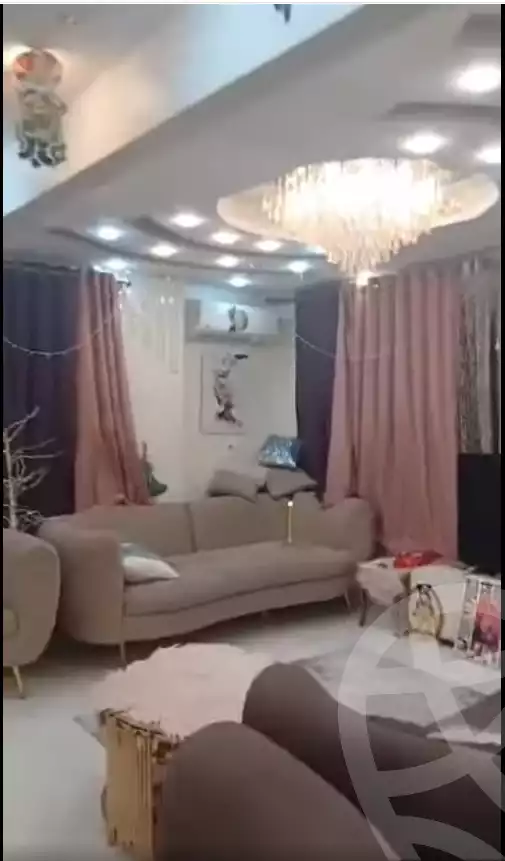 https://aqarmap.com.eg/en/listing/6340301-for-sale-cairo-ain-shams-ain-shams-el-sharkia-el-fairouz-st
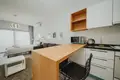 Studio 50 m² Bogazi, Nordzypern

_____

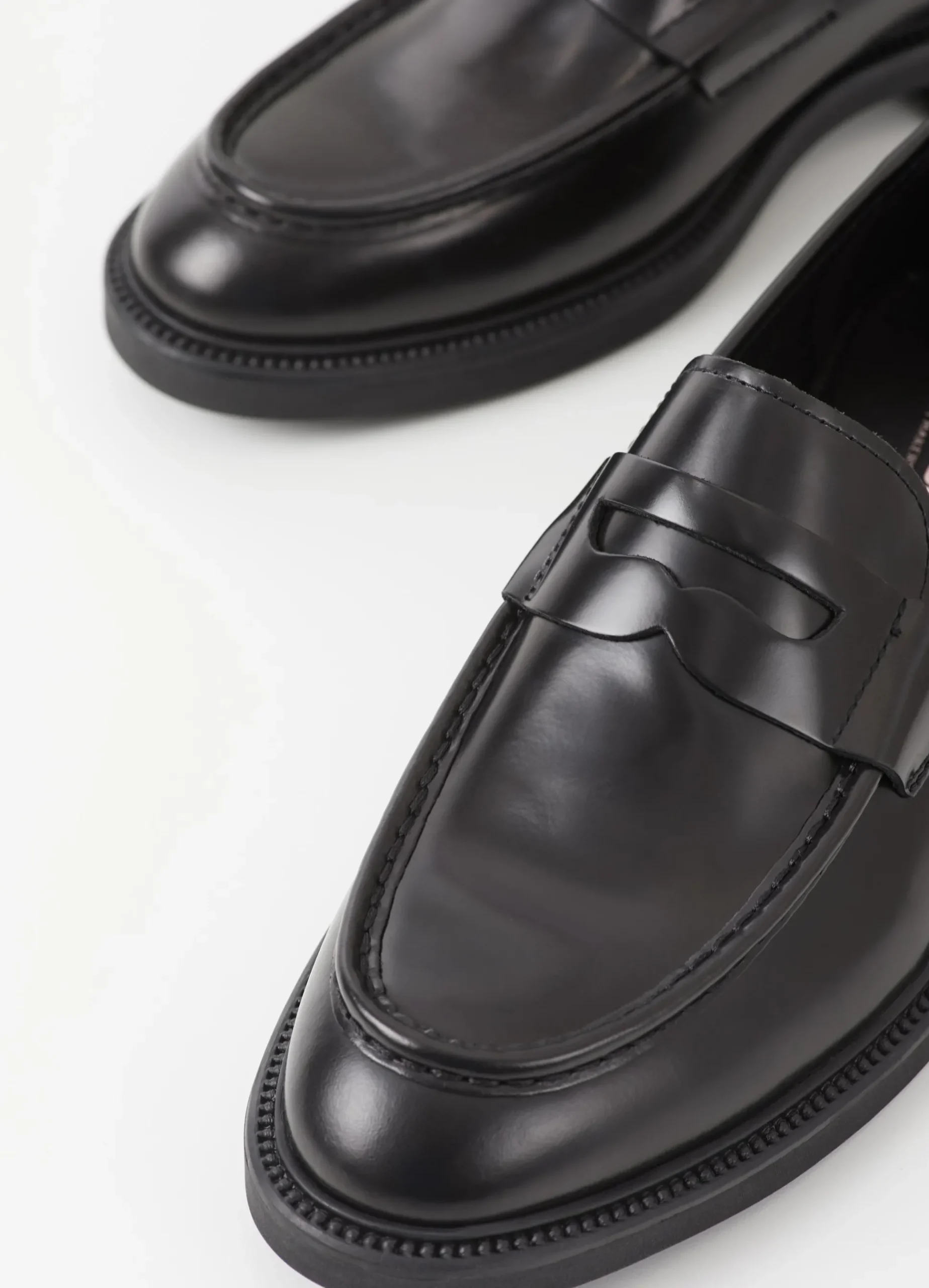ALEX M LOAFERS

_____

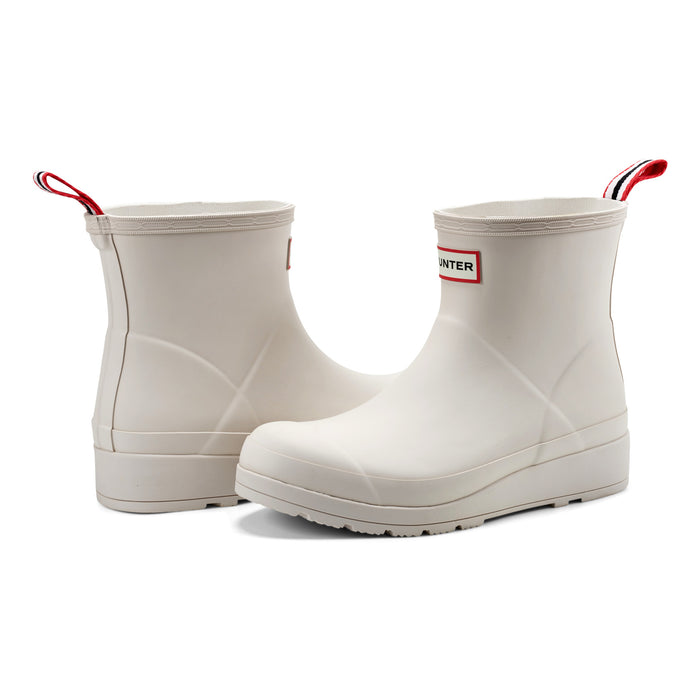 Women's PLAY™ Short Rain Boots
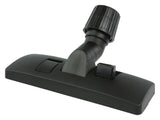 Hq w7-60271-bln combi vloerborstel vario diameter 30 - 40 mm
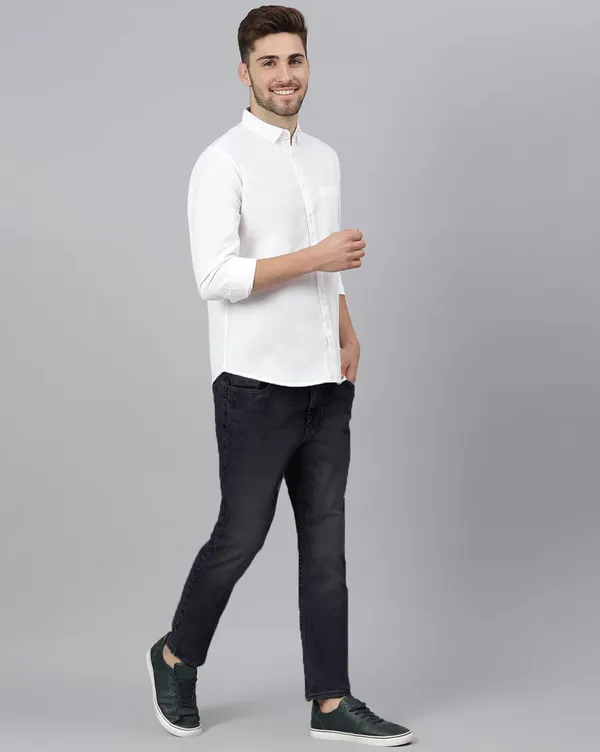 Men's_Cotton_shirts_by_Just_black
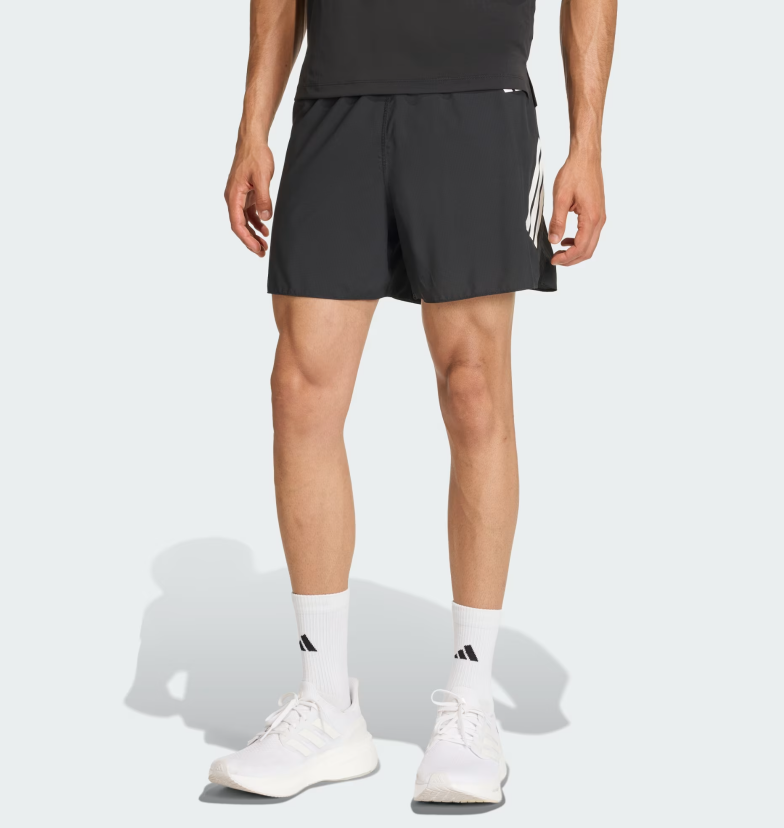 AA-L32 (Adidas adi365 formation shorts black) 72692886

_____

• _PROBLEM TO WORK ON_
Please repeat, exactly as written, the lines in the records above, starting with the one that has "Men's_Cotton_shirts_by_Just_black" and going on through the one that has "AA-L32 (Adidas adi365". Pictures are to be left out.

• _OUTPUT OF THE EXERCISE_
 Men's_Cotton_shirts_by_Just_black
 AA-L32 (Adidas adi365 formation shorts black) 72692886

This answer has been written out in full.